3.Clinical observation of iatrogenic atrial septal defect after atrial septal puncture during atrial fibrillation intervention surgery
Suwen ZHU ; Xiaobo LI ; Shuiyuan LIU ; Fengfu ZHANG ; Ling ZHOU ; Zuoying HU
Journal of Chinese Physician 2023;25(12):1811-1814
Objective:To observe the occurrence and closure of iatrogenic atrial septal defect (IASD) after left atrial appendage occlusion (LAAo) and atrial fibrillation cryoballoon ablation (CBA), and to identify potential factors that may affect the occurrence of IASD.Methods:A total of 383 patients who underwent successful LAAo surgery in the Department of Cardiology at the Nanjing Hospital Affiliated to Nanjing Medical University from June 7, 2016 to December 2, 2020, and atrial fibrillation CBA surgery from December 29, 2016 to September 10, 2020 were retrospectively selected. Patients were followed up with echocardiography at 1 month, 3 months, 6 months, 1 year, and>1 year after surgery to determine the occurrence of IASD. The incidence of IASD between the two groups was compared, and clinical data between the two groups with and without IASD were analyzed to identify the relevant factors for the occurrence of IASD.Results:One month after CBA surgery for atrial fibrillation [73.8%(138/187) vs 47.9%(67/140), P<0.001], 3 months [39.0%(57/146) vs 13.6%(16/118), P<0.001], 6 months [17.7%(22/124) vs 3.6%(4/110), P=0.001], 1 year [11.8%(15/127) vs 1.8%(2/112), P=0.003], and one year later [9.8%(13/133) vs 0.9%(1/116), P=0.002], the incidence of IASD was significantly higher than those in LAAo.
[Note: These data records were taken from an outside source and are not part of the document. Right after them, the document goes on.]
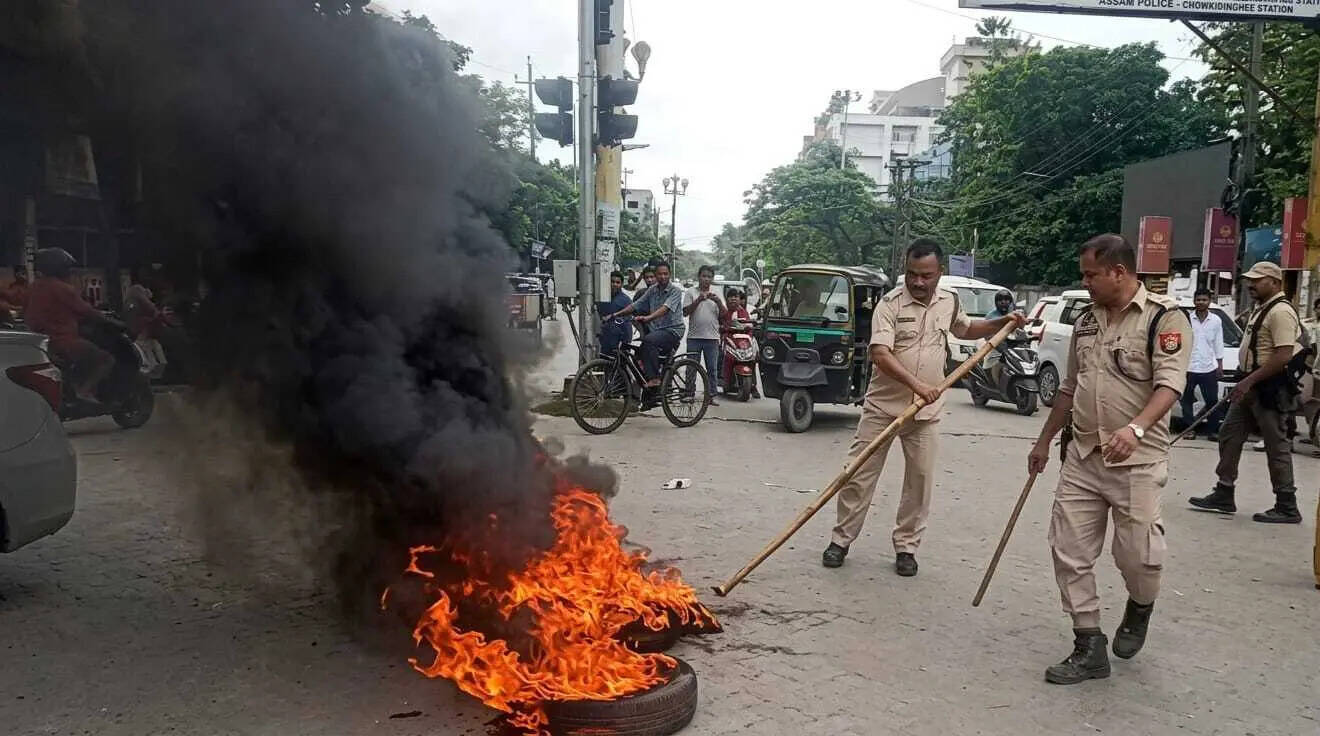 9a823020-a2ad-4380-aa12-2a7c3ed2a52b_Protest_Dibrugarh_.jpg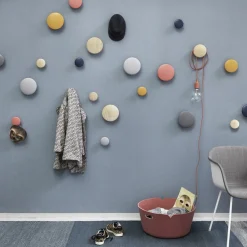 Patère ronde en bois bleu foncé 9 cm The Dots - Muuto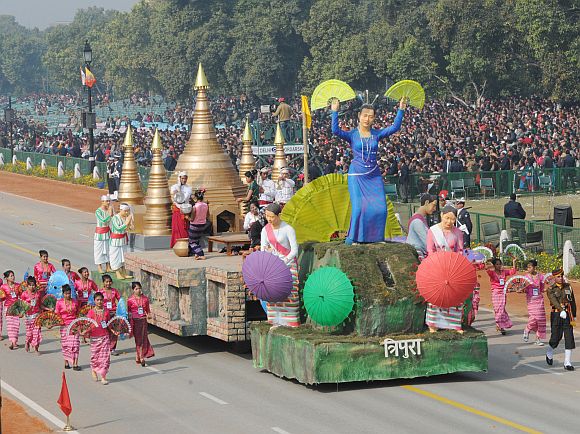 The tableau of Tripura on the theme 'Sangrai Festival of the Mog Community of Tripura'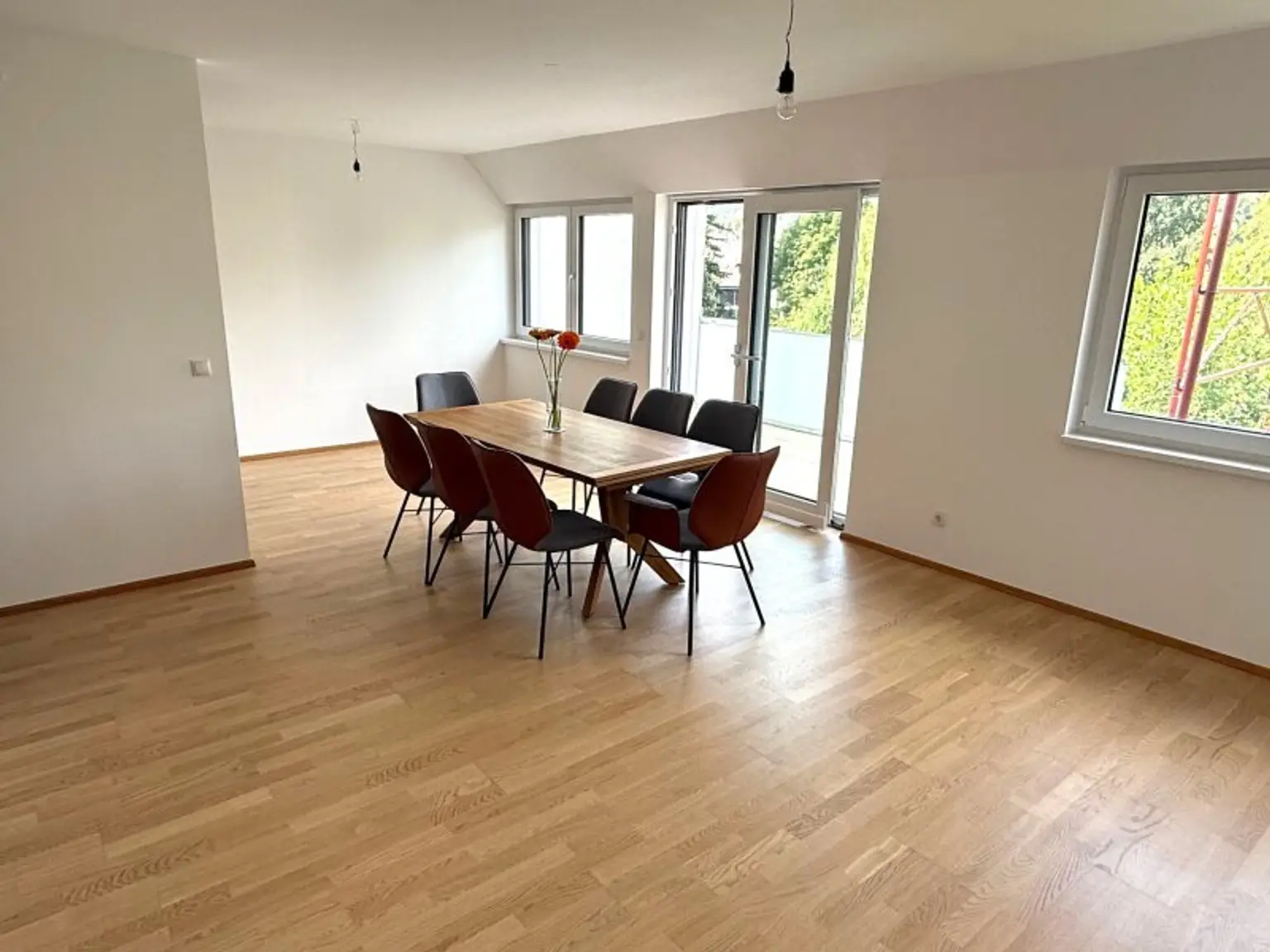 Wohnen in Hietzing + Balkon ca. 11 m² + Markenküche im Wert von ca. € 22.000 + 1 Garagenplatz im Eigentum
Compared with the non IASD group, the IASD group had a lower proportion of males [59.0%(121/205) vs 83.6%(102/122), P<0.001], and a higher proportion of paroxysmal atrial fibrillation [61.5%(126/205) vs 45.9%(56/122), P=0.006]. Logistic regression analysis found a significant correlation between women and CBA with postoperative IASD. Conclusions:Compared with LAAo, the incidence of IASD after CBA for atrial fibrillation is higher, and some IASD persist for more than 1 year after surgery. Women are significantly associated with IASD.